**Exercise materials**:
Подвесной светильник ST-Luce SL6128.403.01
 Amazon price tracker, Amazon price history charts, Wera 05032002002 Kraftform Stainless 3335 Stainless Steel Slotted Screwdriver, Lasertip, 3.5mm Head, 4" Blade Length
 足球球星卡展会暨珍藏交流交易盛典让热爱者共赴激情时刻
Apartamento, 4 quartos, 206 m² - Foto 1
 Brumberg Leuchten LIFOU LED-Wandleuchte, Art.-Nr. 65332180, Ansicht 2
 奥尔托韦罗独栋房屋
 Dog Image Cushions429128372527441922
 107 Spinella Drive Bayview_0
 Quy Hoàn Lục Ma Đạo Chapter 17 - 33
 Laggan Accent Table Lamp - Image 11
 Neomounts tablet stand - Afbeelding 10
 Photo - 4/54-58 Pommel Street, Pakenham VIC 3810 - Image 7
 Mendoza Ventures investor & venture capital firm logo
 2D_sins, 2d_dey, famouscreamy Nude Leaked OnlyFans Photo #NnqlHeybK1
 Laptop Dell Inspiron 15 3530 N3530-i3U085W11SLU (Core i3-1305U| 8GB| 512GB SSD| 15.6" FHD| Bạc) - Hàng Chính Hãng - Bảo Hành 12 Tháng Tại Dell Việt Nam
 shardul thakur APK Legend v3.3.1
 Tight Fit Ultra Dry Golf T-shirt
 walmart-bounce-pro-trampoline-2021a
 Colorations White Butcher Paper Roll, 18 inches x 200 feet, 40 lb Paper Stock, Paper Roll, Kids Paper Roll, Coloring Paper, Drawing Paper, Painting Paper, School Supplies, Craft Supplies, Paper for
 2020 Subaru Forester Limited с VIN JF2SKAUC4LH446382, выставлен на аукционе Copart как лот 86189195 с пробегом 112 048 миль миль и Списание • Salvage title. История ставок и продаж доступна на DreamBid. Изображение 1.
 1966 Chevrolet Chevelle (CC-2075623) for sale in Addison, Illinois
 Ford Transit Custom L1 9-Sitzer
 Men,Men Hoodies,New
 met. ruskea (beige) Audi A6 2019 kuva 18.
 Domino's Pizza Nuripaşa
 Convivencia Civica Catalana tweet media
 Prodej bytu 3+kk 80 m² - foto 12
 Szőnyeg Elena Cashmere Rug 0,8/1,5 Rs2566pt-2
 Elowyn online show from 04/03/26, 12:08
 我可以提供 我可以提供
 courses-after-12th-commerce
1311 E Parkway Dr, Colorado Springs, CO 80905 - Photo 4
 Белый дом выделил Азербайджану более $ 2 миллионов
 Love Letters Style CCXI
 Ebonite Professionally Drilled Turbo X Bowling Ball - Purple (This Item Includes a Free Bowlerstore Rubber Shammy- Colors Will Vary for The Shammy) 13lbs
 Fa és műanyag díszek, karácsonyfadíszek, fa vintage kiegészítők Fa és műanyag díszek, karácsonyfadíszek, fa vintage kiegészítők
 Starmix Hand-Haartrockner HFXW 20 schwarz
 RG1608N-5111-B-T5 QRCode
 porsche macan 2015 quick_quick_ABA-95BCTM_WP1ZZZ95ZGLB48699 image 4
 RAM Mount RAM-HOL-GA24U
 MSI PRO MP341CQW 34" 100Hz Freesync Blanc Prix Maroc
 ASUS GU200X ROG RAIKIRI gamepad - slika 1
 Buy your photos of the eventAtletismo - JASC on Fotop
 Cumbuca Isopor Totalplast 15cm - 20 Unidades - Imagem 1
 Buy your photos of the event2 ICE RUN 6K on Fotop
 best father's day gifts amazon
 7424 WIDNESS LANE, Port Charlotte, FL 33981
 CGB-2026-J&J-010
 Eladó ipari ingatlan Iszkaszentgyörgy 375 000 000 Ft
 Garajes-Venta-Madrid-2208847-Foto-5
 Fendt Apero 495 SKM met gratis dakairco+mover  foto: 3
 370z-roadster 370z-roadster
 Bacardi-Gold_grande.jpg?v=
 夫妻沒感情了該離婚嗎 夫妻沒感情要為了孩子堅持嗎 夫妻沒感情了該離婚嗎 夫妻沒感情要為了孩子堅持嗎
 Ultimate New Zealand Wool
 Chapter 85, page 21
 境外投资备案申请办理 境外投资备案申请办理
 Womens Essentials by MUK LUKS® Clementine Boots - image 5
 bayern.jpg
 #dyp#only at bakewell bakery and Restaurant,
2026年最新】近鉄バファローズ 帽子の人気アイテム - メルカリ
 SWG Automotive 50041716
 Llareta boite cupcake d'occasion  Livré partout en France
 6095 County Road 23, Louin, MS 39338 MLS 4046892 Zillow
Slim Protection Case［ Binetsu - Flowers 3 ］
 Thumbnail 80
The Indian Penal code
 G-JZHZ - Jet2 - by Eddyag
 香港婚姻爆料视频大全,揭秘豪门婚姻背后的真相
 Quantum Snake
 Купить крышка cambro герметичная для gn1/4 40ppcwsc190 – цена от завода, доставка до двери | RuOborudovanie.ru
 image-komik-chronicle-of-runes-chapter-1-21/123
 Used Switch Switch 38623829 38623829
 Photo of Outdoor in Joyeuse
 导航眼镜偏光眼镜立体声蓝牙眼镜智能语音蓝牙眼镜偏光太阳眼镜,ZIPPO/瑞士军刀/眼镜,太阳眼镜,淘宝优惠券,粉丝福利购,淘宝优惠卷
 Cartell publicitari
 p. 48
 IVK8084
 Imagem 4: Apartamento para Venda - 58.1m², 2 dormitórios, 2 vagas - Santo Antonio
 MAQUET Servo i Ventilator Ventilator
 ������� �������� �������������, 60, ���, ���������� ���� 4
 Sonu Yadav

**Work to be completed**:
Only lines containing the string "Apartamento" belong in the answer; find them in the data above and copy them.

**Output**:
Apartamento, 4 quartos, 206 m² - Foto 1
 Imagem 4: Apartamento para Venda - 58.1m², 2 dormitórios, 2 vagas - Santo Antonio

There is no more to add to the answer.